Another point that makes the Sheriff's Office leery whether emergency responders were taken into consideration. Emergency vehicles are allowed to proceed through intersections after dramatically lowering their speeds.

"If we are running to a high-priority call and we are running lights, what if someone had been waiting there and decides to proceed before seeing us?" he said. "That is a whole other safety issue because the reality is we are authorized to travel well above the speed limit."

However, Wright said the ability to run red lights may present less of a safety hazard in rural areas, such as Kamas or Coalville, where the speeds are much lower and there is better visibility. But, he added, "So many factors can still come into play."

"I just feel like a lot of things can be done other than allowing people to run red lights," he said. "If they are sitting there and the light doesn't change, can't something be done with the technology for better detection of motion?"

Janna Young, Summit County's deputy county manager, said in an email the county opposes the bill because there are "some intersections that we have that we don't think would ever be safe for someone to run a red light."

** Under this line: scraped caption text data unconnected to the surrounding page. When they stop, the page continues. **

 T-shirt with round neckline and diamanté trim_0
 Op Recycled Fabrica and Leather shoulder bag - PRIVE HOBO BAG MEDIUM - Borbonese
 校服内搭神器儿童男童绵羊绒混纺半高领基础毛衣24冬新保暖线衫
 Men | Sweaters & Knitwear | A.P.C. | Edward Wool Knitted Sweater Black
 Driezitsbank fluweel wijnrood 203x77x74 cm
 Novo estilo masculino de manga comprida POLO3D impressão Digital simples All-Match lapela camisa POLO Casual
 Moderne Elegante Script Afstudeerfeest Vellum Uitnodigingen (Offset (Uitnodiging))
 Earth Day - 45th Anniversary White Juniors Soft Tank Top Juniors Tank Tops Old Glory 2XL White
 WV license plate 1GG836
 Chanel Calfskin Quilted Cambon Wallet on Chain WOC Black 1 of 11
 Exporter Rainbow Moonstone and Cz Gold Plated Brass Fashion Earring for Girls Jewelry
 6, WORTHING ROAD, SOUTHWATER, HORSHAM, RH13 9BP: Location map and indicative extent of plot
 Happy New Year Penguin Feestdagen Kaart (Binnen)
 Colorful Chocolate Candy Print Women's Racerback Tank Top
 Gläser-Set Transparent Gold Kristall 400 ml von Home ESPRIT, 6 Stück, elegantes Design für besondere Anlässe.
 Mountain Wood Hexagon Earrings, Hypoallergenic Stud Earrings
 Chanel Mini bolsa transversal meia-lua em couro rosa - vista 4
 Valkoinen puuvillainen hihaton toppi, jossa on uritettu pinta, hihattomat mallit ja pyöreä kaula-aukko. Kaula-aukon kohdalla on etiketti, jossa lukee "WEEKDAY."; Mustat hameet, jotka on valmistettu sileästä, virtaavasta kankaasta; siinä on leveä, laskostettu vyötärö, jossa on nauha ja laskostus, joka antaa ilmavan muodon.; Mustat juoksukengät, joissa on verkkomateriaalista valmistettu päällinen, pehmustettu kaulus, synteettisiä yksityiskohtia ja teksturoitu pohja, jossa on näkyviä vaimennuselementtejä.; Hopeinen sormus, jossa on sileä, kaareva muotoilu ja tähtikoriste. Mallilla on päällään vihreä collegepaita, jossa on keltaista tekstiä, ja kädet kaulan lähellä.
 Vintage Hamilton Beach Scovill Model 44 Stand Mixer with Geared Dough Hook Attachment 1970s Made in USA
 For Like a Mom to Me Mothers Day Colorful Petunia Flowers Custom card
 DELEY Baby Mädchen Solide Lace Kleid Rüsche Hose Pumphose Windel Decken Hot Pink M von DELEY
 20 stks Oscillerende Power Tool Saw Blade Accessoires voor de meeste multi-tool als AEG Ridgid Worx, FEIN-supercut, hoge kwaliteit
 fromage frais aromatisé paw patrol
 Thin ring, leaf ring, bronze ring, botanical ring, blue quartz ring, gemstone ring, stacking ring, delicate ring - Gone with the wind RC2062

"Even some that drivers can't safely make that determination," she wrote.

Young said Wright will be working with Caroline Rodriguez, Summit County's regional transportation planning director, on parameters county officials would like to see added to the bill as it moves forward.

Last week, the House of Representatives Transportation Committee gave the bill a favorable recommendation, with a vote of 7-4. If it successfully passes out of the House, it will be introduced in the Senate. Rep. Ken Ivory, R-West Jordan, is the bill's sponsor. Ivory did not respond to multiple requests for comment.